In the early days of 1861, when the Southern Senators and Representatives were relinquishing their seats in the United States Congress and hurling cartels of defiant explanation broadcast, the Republican party in Congress, under the leadership of Charles Francis Adams of Massachusetts, organized a joint committee made up of thirteen members of the Senate and thirty-three members of the House to make overtures to the seceding Southerners. The result of this friendly gesture was a proposed thirteenth amendment, which, if the Southerners had not been so obstinate, would have bridged the chasm. For this amendment proposed to make the slavery of the black man in America eternal and inescapable. It provided that no amendment to the Constitution, or any other proposition affecting slavery in any way, could ever be legally presented upon the floor of Congress unless its mover had secured the previous consent ofevery Senator and Representative from the slave-holding States. It put teeth into the Fugitive Slave Law and absolutely gave the Negro over into the keeping of his oppressors.

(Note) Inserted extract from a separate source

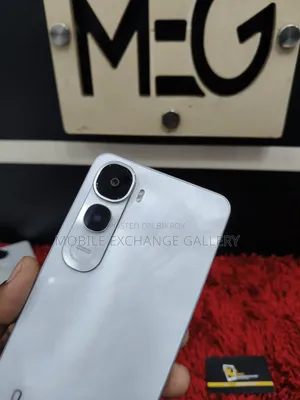 Vivo Y400 128 GB White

Most Negro Americans (and white ones, too) think it fashionable to maintain the most fervid faith and deepest ignorance about points in their national history of which they should be informed. We therefore submit that these facts are open and notorious to those who know American history. The record will be found slimly and shame-facedly given in McPherson’s “History of the Rebellion”; at indignant length in Blaine’s “Twenty Years of Congress” and Horace Greeley’s “The Great American Conflict.” The document can be examined in Professor Macdonald’s “Select Documents of United States History.” These works are to be found in every public library, and we refer to them here because there are “intellectual” Negroes today who are striving secretly, when they dare not do so openly, to perpetuate the bonds of serfdom which bind the Negro Americans to the Republican party. This bond of serfdom, this debt of gratitude, is supposed to hinge on the love which Abraham Lincoln and his party are supposed to have borne towards the Negro; and the object of this appeal to the historical record is to show that that record demonstrates that if the Negro owes any debt to the Republican party it is a debt of execration and of punishment rather than one of gratitude.

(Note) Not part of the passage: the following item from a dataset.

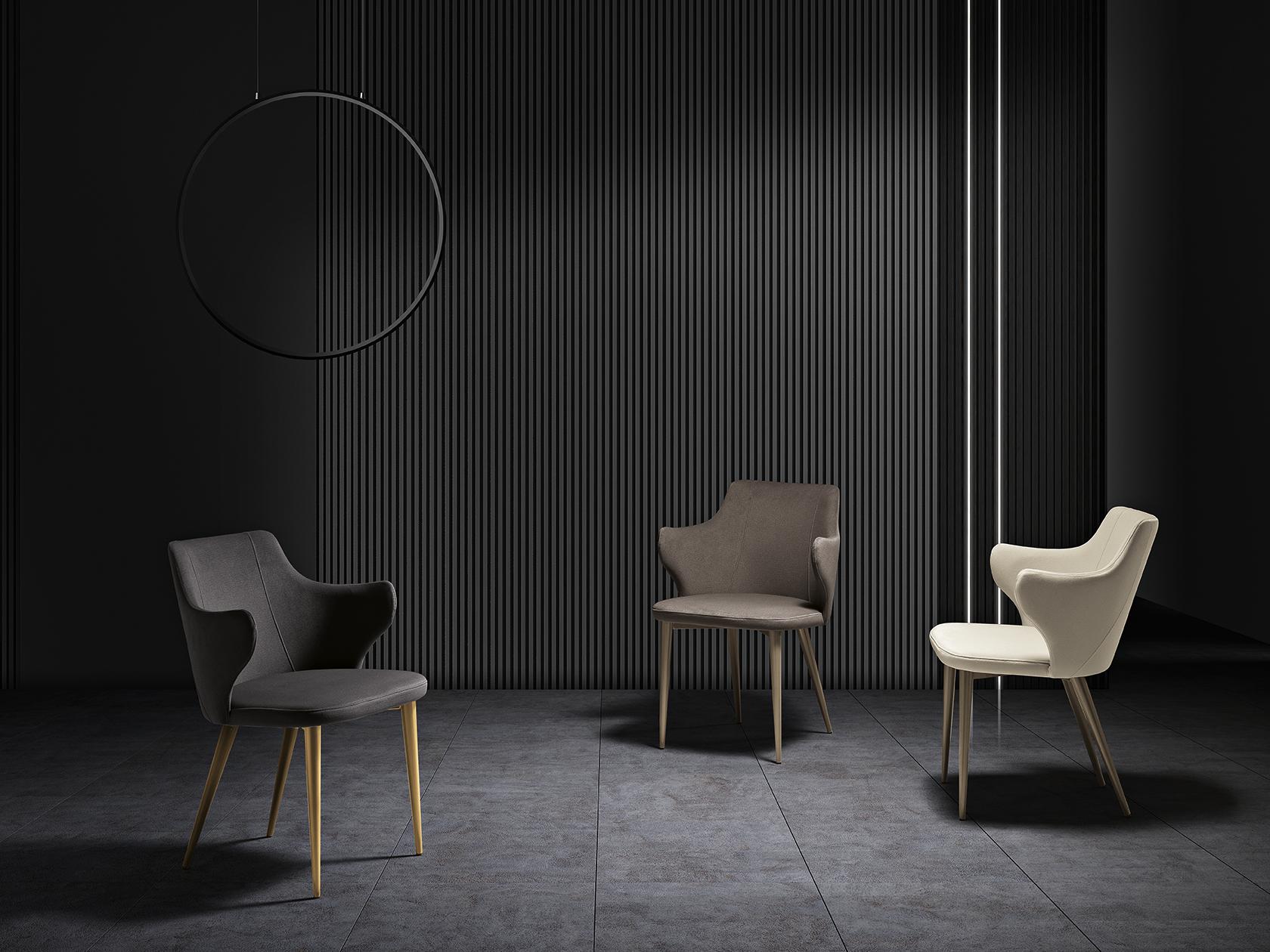 Sedie — arredo in esposizione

It is an astounding fact that in his First Inaugural Address Abraham Lincoln gave his explicit approval to the substance of the Crittenden resolutions which the joint committee referred to above had collectively taken over. This demonstrates that the Republican party at the very beginning of its contact with the Negro was willing to sell the Negro, bound hand and foot, for the substance of its own political control. This Thirteenth Amendment was adopted by six or eight Northern States, including Pennsylvania and Illinois; and if Fort Sumter had not been fired upon it would have become by State action the law of the land.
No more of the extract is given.